Comprehensive Capital Analysis and Review 2016: Assessment Framework and Results
Preface
The Federal Reserve promotes a safe, sound, and stable banking and financial system that supports the growth and stability of the U.S. economy through its supervision of bank holding companies (BHCs), savings and loan holding companies, state member banks, and nonbank financial institutions that the Financial Stability Oversight Council has determined shall be supervised by the Board of Governors of the Federal Reserve System.1
The Federal Reserve has established frameworks and programs for the supervision of the largest and most complex financial institutions to fulfill its supervisory objectives and to reorient its supervisory program in response to the lessons learned from the financial crisis.

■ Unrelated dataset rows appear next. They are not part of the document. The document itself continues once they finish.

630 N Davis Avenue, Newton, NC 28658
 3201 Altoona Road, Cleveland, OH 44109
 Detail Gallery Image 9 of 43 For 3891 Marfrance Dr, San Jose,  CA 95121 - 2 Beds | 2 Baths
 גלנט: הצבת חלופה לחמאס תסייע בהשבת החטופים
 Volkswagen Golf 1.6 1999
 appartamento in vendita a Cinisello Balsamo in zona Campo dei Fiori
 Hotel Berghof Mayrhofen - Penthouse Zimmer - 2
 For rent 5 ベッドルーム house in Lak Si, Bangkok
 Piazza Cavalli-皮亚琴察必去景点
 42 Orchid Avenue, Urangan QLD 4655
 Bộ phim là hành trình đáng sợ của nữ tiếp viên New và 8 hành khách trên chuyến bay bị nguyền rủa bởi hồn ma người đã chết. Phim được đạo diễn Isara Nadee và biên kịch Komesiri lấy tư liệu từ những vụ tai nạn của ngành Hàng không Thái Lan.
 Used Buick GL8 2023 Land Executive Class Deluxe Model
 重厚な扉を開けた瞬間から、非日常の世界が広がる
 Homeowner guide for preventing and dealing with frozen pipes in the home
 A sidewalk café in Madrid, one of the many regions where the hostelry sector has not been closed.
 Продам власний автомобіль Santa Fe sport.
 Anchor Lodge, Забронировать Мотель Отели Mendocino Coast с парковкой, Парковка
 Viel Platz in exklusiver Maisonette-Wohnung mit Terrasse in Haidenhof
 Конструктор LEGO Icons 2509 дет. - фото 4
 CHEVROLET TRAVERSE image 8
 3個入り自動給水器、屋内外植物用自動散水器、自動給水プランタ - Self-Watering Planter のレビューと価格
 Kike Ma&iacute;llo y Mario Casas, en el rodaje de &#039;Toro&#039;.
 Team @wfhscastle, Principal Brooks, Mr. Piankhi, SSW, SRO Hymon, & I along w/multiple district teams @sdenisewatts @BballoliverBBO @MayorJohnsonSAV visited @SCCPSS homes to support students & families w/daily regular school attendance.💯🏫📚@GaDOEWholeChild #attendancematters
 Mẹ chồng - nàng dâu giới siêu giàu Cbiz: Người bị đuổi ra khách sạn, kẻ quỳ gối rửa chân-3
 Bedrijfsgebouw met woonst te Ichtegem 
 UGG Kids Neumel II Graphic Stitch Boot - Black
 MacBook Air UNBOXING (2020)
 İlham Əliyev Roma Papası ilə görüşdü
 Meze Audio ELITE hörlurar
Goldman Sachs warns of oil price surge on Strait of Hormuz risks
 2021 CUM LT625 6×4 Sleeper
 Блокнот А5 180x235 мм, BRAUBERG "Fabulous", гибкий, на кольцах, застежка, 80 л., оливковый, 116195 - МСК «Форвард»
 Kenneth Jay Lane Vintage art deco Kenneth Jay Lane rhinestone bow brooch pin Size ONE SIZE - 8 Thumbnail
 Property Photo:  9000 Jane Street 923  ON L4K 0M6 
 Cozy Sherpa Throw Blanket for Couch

As part of these supervisory frameworks and programs, the Federal Reserve annually assesses whether BHCs with $50 billion or more in total consolidated assets have effective capital planning processes and sufficient capital to absorb losses during stressful conditions, while meeting obligations to creditors and counterparties and continuing to serve as credit intermediaries.
This annual assessment includes two related programs:
- The Comprehensive Capital Analysis and Review (CCAR) evaluates a BHC's capital adequacy, capital planning process, and planned capital distributions, such as any dividend payments and common stock repurchases. As part of CCAR, the Federal Reserve evaluates whether BHCs have sufficient capital to continue operations throughout times of economic and financial market stress and whether they have robust, forward-looking capital planning processes that account for their unique risks. The Federal Reserve may object to a BHC's capital plan on quantitative or qualitative grounds. If the Federal Reserve objects to a BHC's capital plan, the BHC may not make any capital distribution unless the Federal Reserve indicates in writing that it does not object to the distribution.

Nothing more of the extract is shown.